O marqueteiro da campanha presidencial de Flávio Bolsonaro, Duda Lima, antecipa que a disputa eleitoral será bastante acirrada, com temas centrais como o endividamento das famílias e a situação fiscal do governo. Ele reconhece que seu candidato enfrenta um desafio maior na construção de uma conexão emocional com os eleitores, especialmente em comparação com Luiz Inácio Lula da Silva. Lima ressalta que o presidente precisa lidar com a frustração de uma parte significativa da população.
"Estamos diante de uma eleição superapertada", destacou ele durante um encontro realizado na noite de ontem, promovido pelo grupo Companhia de Negócios em São Paulo. Em uma conversa com um seleto grupo de empresários e executivos, Lima — que assumiu a marquetagem há apenas duas semanas, após a segunda troca de estrategista de comunicação da campanha — reforçou a mensagem de Flávio, que critica a "esperança" prometida por Lula, a qual, segundo ele, não se concretizou.
"Percebo, ao rodar por este país, que ainda temos dificuldades em compreender o que os brasileiros realmente desejam. Contudo, sabemos muito bem o que eles não querem. E, na minha visão, a eleição está se desenhando assim: se um dos lados, representado por Flávio, conseguir explicar claramente a situação atual do país, isso poderá dificultar a narrativa do outro lado, que vai tentar vender novamente a ideia de esperança", analisou.
Lima, que havia se afastado de campanhas eleitorais após ter trabalhado em 2024 na reeleição de Ricardo Nunes como prefeito de São Paulo, explicou que uma das razões que o motivaram a aceitar o desafio de Flávio foi a gravidade do endividamento no país. "Se 85 milhões de brasileiros estão enfrentando dívidas, isso não é apenas um problema de gestão de algumas famílias, mas sim uma questão que afeta o país como um todo."
Em meio a críticas sobre a alta dos juros, Lima relacionou o crescimento da dívida pública ao endividamento das famílias, observando que os gráficos de ambos os casos apresentam trajetórias similares. Ele defendeu a necessidade de um ajuste fiscal como forma de recuperar o poder de compra da população, afirmando que o plano de governo do PL tem uma área de macroeconomia "muito bem estruturada", que delineia fontes de recursos e estratégias para corte de despesas. "O que não pode ocorrer é gastar mais do que se ganha."

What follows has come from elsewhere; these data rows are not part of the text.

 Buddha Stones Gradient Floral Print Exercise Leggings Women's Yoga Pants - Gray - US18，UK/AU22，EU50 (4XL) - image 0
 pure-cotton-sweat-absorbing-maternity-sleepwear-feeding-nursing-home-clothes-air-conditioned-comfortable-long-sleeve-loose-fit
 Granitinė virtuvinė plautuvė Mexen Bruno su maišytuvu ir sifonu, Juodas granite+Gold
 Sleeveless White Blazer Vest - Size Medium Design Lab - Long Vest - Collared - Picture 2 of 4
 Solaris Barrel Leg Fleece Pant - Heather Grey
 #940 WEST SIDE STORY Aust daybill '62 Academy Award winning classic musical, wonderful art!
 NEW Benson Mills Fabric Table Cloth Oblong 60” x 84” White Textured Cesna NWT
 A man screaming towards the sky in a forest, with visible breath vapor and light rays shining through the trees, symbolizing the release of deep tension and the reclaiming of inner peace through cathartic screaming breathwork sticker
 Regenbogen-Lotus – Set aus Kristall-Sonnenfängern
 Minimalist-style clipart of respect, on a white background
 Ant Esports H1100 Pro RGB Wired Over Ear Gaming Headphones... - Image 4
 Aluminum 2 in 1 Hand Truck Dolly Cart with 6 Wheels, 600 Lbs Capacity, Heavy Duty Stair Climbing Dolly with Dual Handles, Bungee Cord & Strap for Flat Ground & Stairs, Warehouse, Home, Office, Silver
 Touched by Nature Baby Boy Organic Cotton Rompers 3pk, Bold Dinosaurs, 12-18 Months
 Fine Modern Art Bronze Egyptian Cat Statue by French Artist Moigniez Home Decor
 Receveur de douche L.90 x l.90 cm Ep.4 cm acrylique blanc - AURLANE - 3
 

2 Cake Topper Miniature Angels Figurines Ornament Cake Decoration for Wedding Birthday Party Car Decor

Quando questionado no palco por Marcio Moraes, fundador do Companhia de Negócios, sobre as dificuldades de Flávio em conquistar o eleitorado feminino, Lima atribuiu essa questão à "estrutura militar" que permeia a imagem do ex-presidente Jair Bolsonaro, destacando iniciativas como as motociatas e um "jeito duro de falar", que podem afastar as mulheres. "Esse é um grande desafio de comunicação para a campanha, que se relaciona mais à forma do que ao conteúdo em si", afirmou.
Na visão de Lima, Flávio precisa aprimorar sua conexão emocional com os eleitores, enquanto Lula tem o desafio de superar a desilusão de alguns eleitores com os resultados do atual governo.
"Um candidato como Lula tem uma habilidade notável de tocar as pessoas através da sua trajetória e experiência. Ele consegue se conectar emocionalmente. Por outro lado, a outra candidatura enfrenta dificuldades para estabelecer esse mesmo tipo de ligação, trazendo uma abordagem mais racional", concluiu, refletindo sobre a dinâmica da campanha.